Picture a skateboard equipped with a built-in ground effects lighting kit! The light in this case is courtesy of GITD material ingeniously used on the underside of the board.
Ground effects. Awesome. Just what we need, more lugheads who are into skateboarding. Hey, don’t forget about the new acronym! Where can I buy my GITD technology turns me on. bumper sticker?
High performance boards are often manufactured from seven-layer maple laminate. For brute strength and durability, maple is an outstanding choice of materials. While plastic boards exist, they typically lack necessary strength and rigidity, limiting them to the market’s lower end. In an effort to change this mindset Bell Innovative began using an RTP 100 Series glass-filled polypropylene compound for its skateboards.

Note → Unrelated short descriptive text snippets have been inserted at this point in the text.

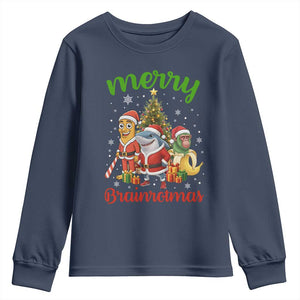 Merry Brainrotmas Youth Sweatshirt Funny Italian Brainrot Meme Christmas TS12 Navy Print Your Wear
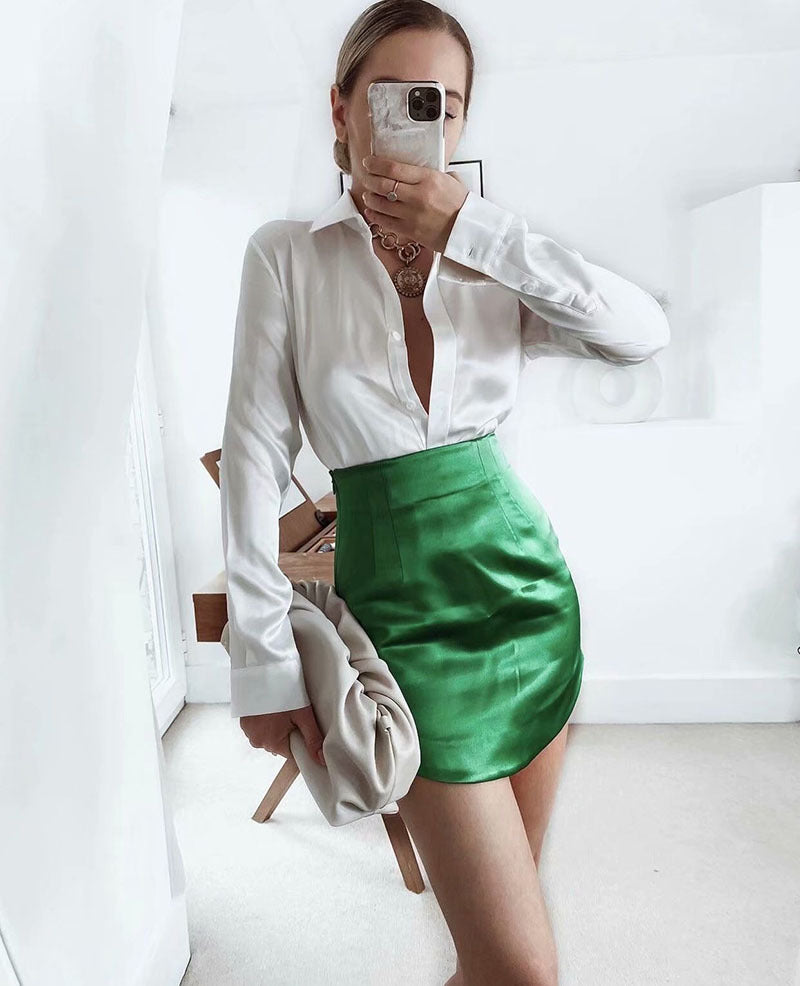 Women's Silk Blend Satin Texture A-Line Mini Skirt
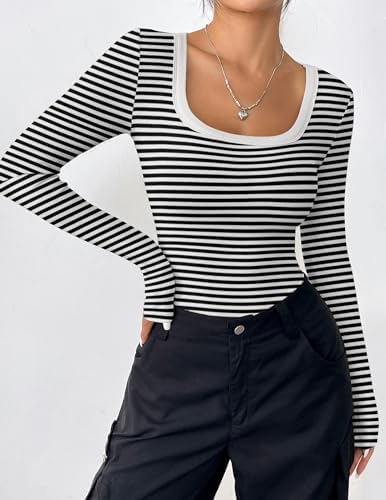 Zeagoo Women's Long Sleeve Scoop Neck Shirts Casual Slim Fit Rib Knit Tops Summer Fall Basic Business Work Tee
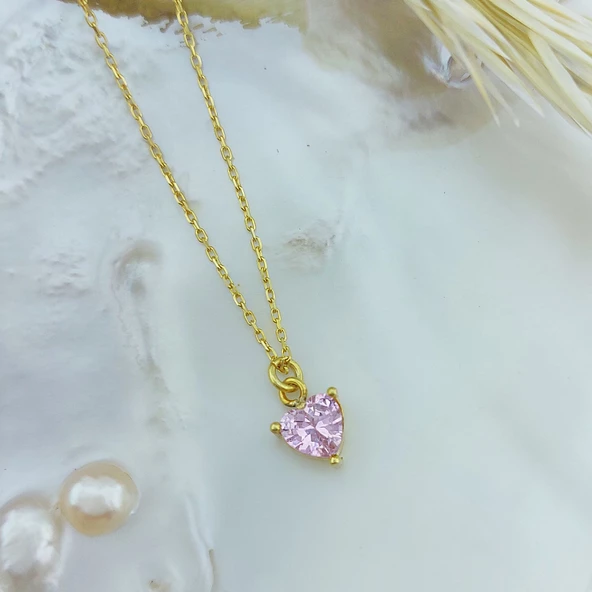 Vaoov 925 Ayar Gümüş Pembe Kalp Kolye - Resim 4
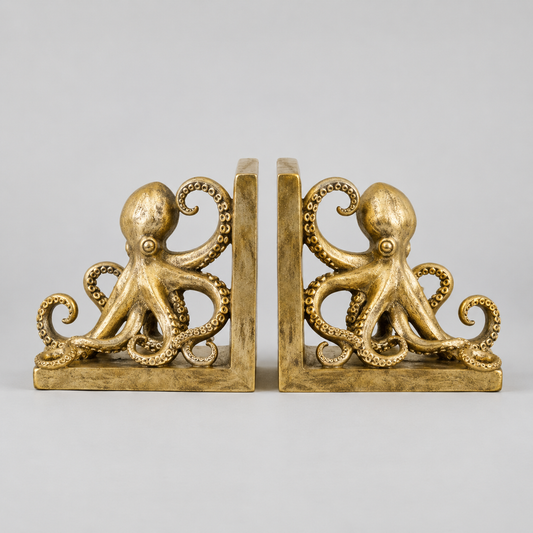 Pair of Gold Octopus Bookends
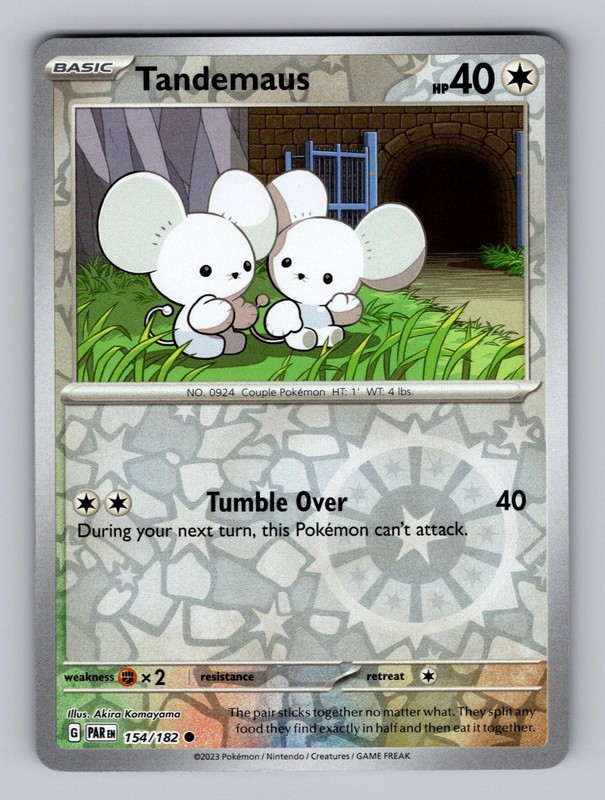 Tandemaus 154/182 Common Paradox Rift Pokemon Reverse Holo Near Mint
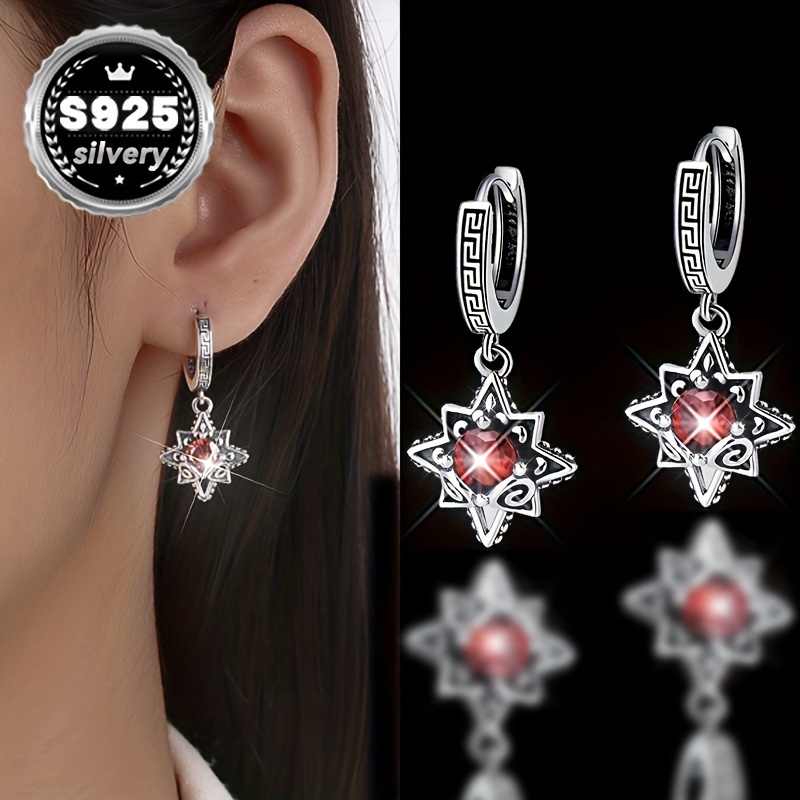 

Vana 2pcs Set: Red Zirconia - 925 Silvery, For & , Box Included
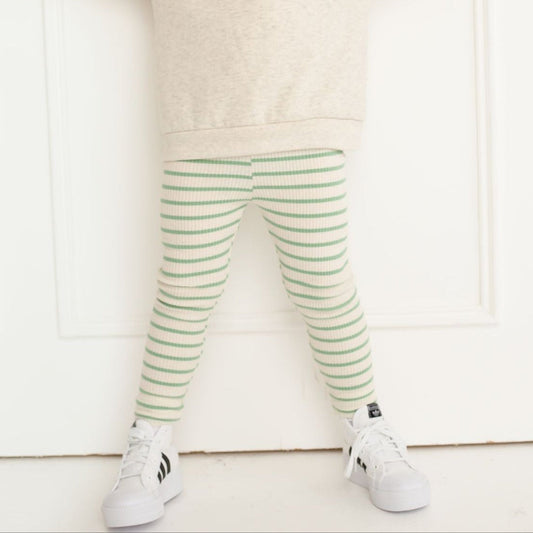 Green striped Ribbed Leggings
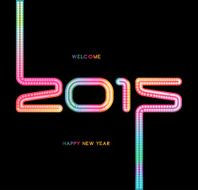 Happy new year 2015 typographic illustration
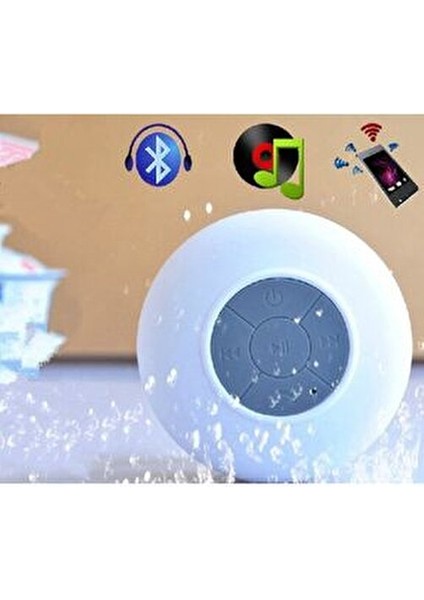Su Geçirmez Mini Bluetooth Duş Hoparlörü 10 W Beyaz Renkli Kullanım Kolaylığı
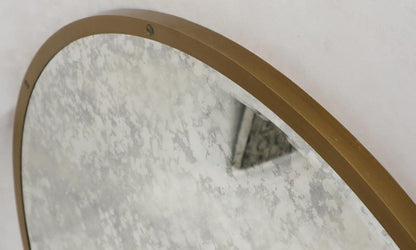 Large Round Metal Frame Wall Mirror with Screw Head Accents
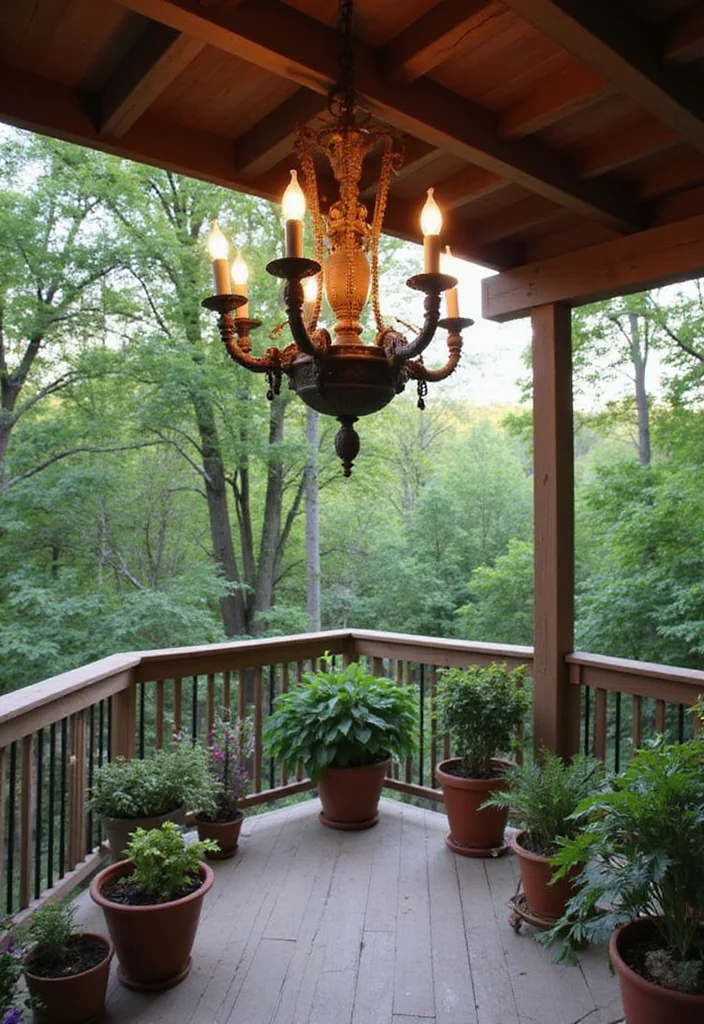 12 Backyard Deck Lighting Ideas for Warm Evening Ambience - 10. Upcycled Lighting with Old Fixtures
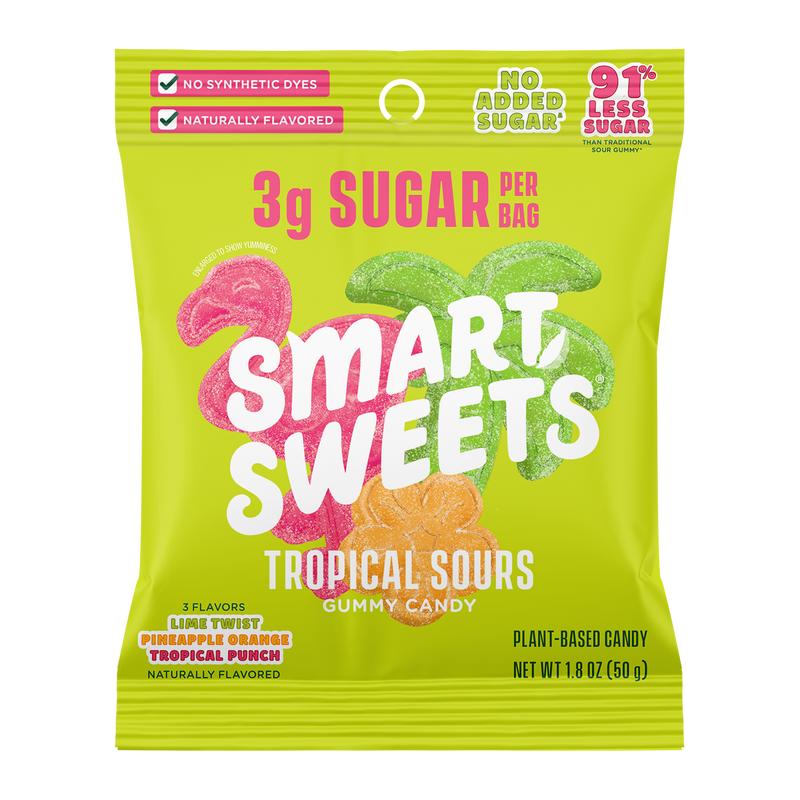 Tropical Sours gummy candy bag. Copy: 3g sugar per bag, 91% less sugar, no added sugar, no synthetic dyes, plant-based, 3 tropical flavors.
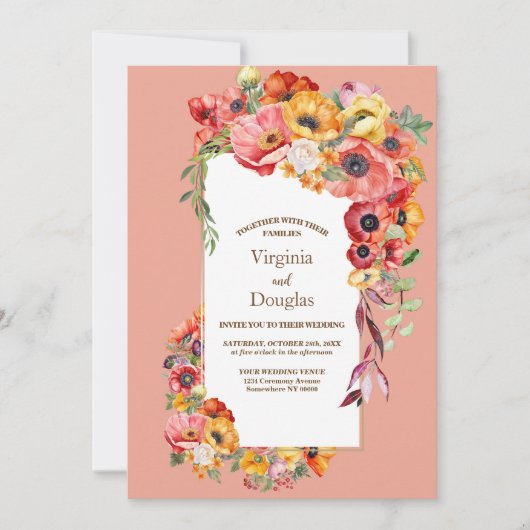 Alles in een kleurrijke papaver bruiloft kaart (Voorkant)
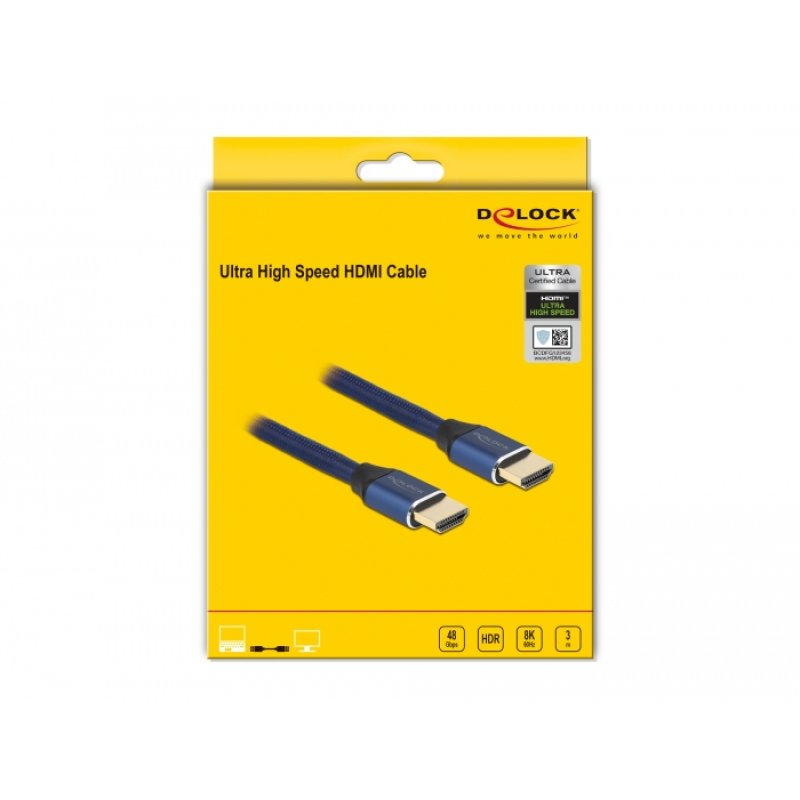 Delock Ultra High Speed HDMI Kabel 48 Gbps 8K 60 Hz blau 3 m zertifiziert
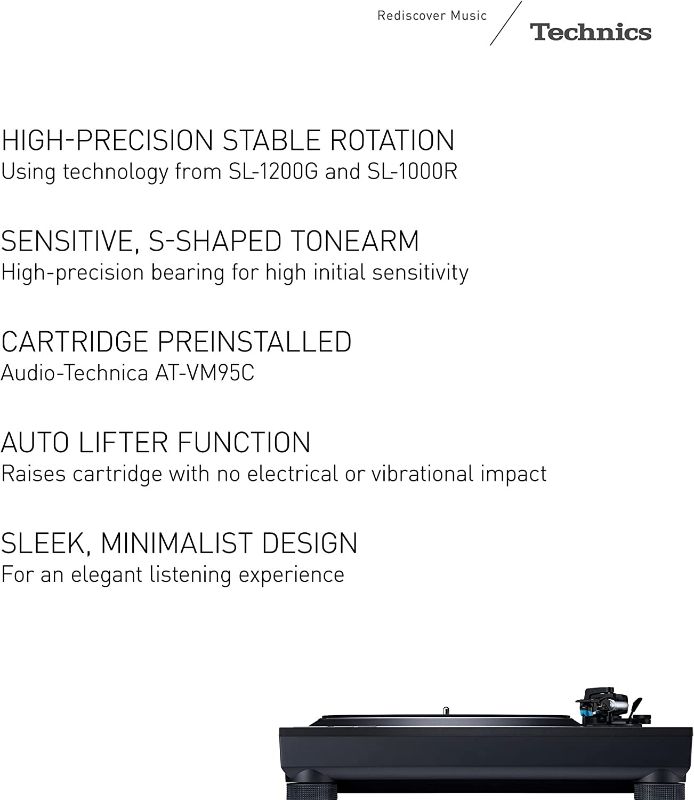 Photo 2 of Technics Turntable, Premium Class HiFi Record Player with Coreless Direct, Stable Playback, Audiophile-Grade Cartridge and Auto-Lift Tonearm, Dustcover Included – SL-100C, Black (SL-100C-K)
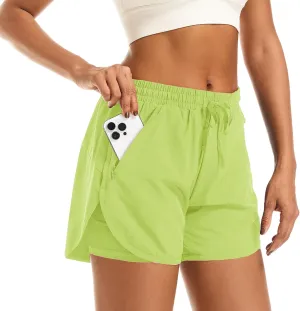 Women's 2 in 1 Athletic Running Shorts High Waisted Workout Casual Gym Sweat Shorts Mesh Comfy Liner Zipper Pockets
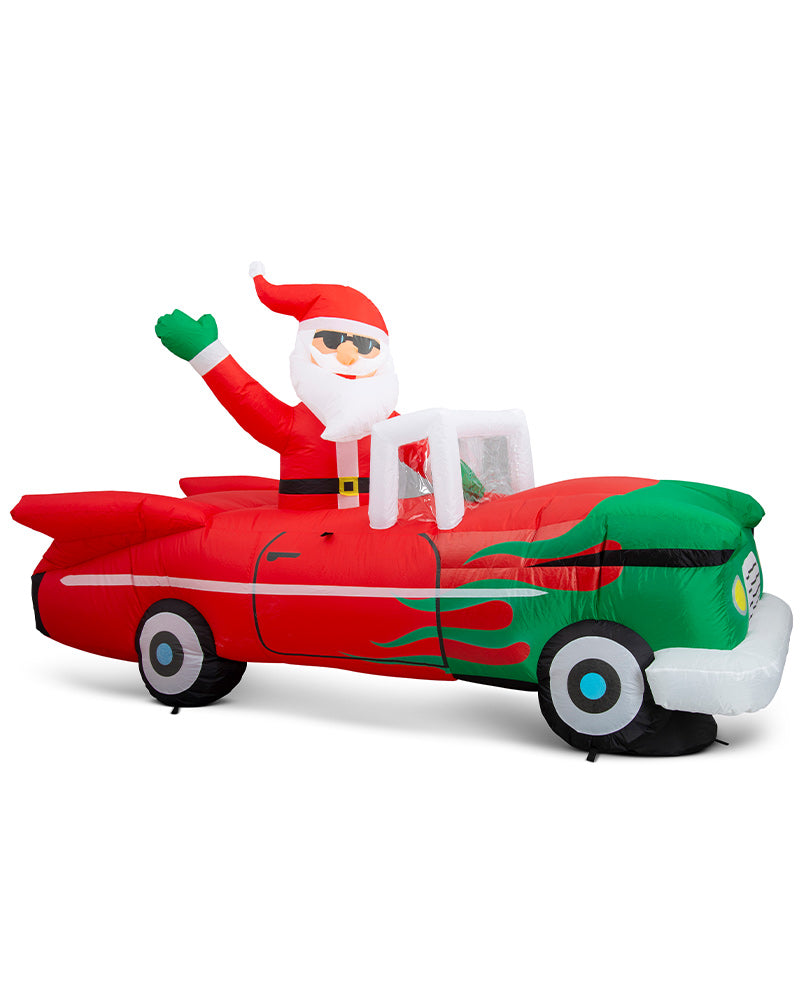 Bouncing Santa Hot Rod Christmas Inflatable 2.5m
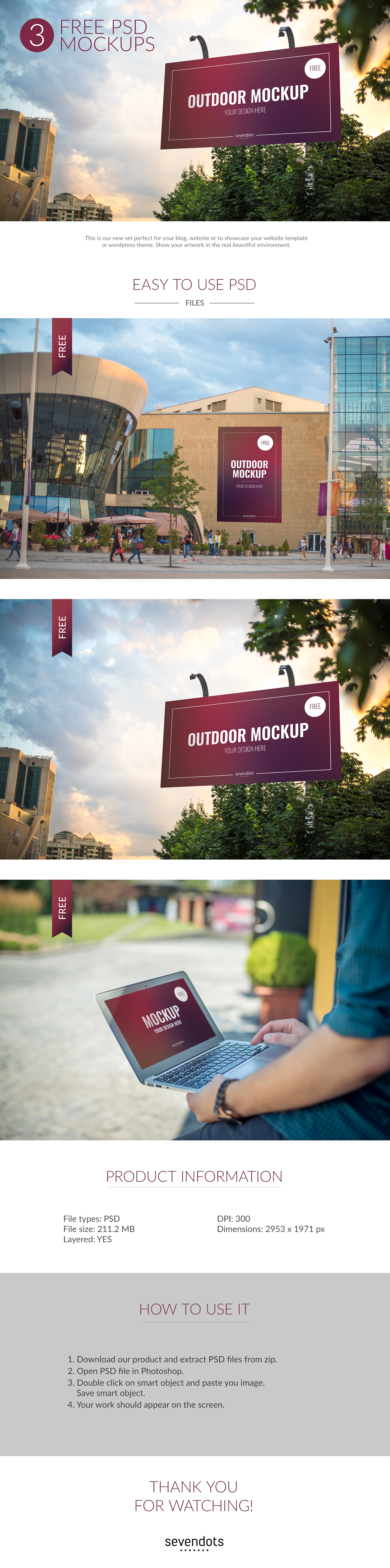 3 Big Outdoor Advertisement Sign PSD Mockups Vertical and Horizontal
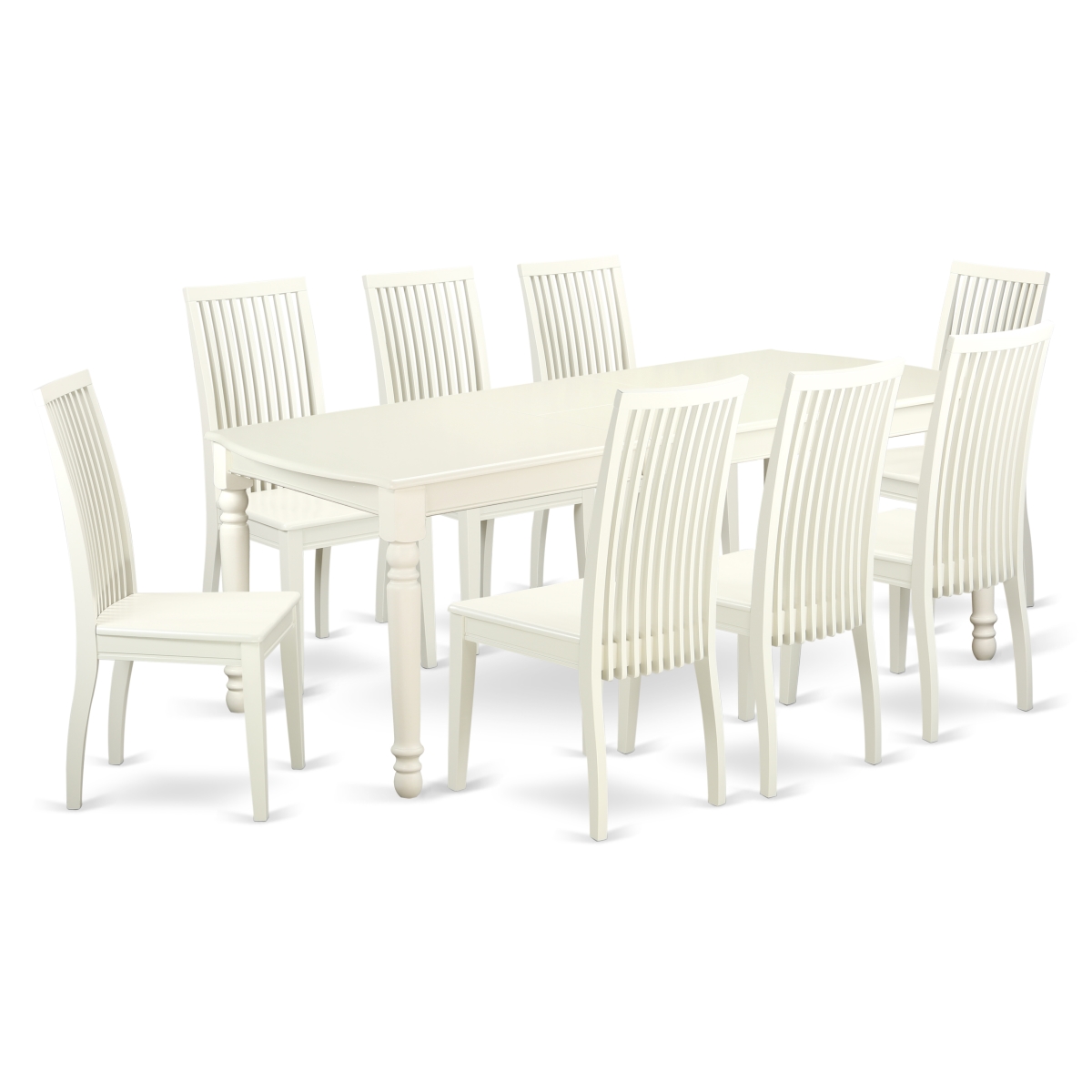 Picture of East West Furniture DOIP9-LWH-W 9 Piece Kitchen Tables & Chair set&#44; Linen White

Whew! It sounded like they wanted to make plastic skateboards, but glass-filled polypropylene compound means fiberglass, right?
The material exhibits a tensile strength of 11,000 psi (76 MPa) and a flexural modulus of 0.65 psi x 106 (4479 MPa), yielding desirable structural properties for a skateboard. “Performance and strength,” says Mark Bell, President of Bell Innovative, “are our overriding concerns and this material is the strongest we’ve seen. Previous trials with other resins and different glass and mineral combinations just proved inadequate for skateboards.”
11,000 psi? Sure dude. Sounds strong to me. I need all the PSI I can get. Hella PSI, fool!
Bell Innovative did not develop plastic boards just to prove a concept. With tool design and manufacturing, injection molding, graphic arts and printing capabilities, they envisioned a completely integrated manufacturing process. “Our integration is essential to a successful product. Our graphics, enhanced by the GITD technology from RTP Company, really set us apart from other boardmakers,” says Bell.
Ah Hah! They are trying to sell plastic boards. Sounds like a toy to me.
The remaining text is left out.